Some will see my concern in this area as reflecting typical judicial paranoia, but the more I think about the idea of judicial independence, the more certain I am that our defence of it, like all forms of defence, must involve early identification of likely threats and a plan for aggressive defence in depth. We cannot defend judicial independence by waiting until we are facing a potentially terminal threat. We must try to prevent that threat from ever arising. We can only do that by identifying and dealing with minor, and even potential threats as they arise or seem likely to arise, and in particular, by so educating the community that the environment is not conducive to the emergence and development of such threats. The primary role of the Judicial Conference of Australia is the defence of judicial independence, not judicial education nor even meeting the professional needs of judges. In joining the Conference and in coming to this activity, we are indicating that we consider that the threat is a real one.

Let me say a little more about my concerns.
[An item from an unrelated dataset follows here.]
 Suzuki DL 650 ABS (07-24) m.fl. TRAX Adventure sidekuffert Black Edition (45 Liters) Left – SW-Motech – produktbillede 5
It is very easy to assume that any form of education must be beneficial to some degree, or at least not harmful. In general, I agree. However, as with any other innovation affecting an ancient institution, it is as well that we take time to consider how such a programme may affect the substance of the judiciary and public perceptions of it. Very often, such effects may not be easily foreseen.

The maintenance of judicial independence depends as much upon perceptions as upon reality. Judicial independence means nothing unless individual members of the community believe that the judiciary is independent. That belief will inevitably be based upon perceptions. Attacks on judicial independence will rarely be by way of full-frontal assaults made by cold-blooded despots who wish to turn the nation into a dictatorship. The threat will usually be from ill-informed politicians and public servants who don’t appreciate the value and delicacy of judicial independence as much as they appreciate the value of other short term political benefits to themselves and/or their constituents. The attack will usually be incremental, initially upon peripheral matters which go to the perception of independence rather than to independence itself. Such an attack will be justified on the ground that it does not affect matters of substance. But because perceptions are so important, we must uphold them as strenuously as we defend actual independence. If the perception of independence goes, then the public will no longer believe that we are independent. Hence they will not be troubled by subsequent attacks on the reality of our independence. If the perception has gone, then the reality will follow.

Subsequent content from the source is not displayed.